[Records from a collection]

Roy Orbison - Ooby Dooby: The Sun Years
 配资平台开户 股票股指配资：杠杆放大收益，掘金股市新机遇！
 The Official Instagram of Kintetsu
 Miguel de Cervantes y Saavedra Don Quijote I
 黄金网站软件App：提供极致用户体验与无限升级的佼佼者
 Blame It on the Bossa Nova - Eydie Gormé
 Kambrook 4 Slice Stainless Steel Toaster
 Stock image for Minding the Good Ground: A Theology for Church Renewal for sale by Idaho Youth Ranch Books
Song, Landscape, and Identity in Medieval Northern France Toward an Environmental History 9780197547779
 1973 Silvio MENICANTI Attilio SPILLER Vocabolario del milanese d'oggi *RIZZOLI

◆ **Try it**: Please make an exact copy of each record.

◆ **Solution to the exercise**:
Roy Orbison - Ooby Dooby: The Sun Years
 配资平台开户 股票股指配资：杠杆放大收益，掘金股市新机遇！
 The Official Instagram of Kintetsu
 Miguel de Cervantes y Saavedra Don Quijote I
 黄金网站软件App：提供极致用户体验与无限升级的佼佼者
 Blame It on the Bossa Nova - Eydie Gormé
 Kambrook 4 Slice Stainless Steel Toaster
 Stock image for Minding the Good Ground: A Theology for Church Renewal for sale by Idaho Youth Ranch Books
Song, Landscape, and Identity in Medieval Northern France Toward an Environmental History 9780197547779
 1973 Silvio MENICANTI Attilio SPILLER Vocabolario del milanese d'oggi *RIZZOLI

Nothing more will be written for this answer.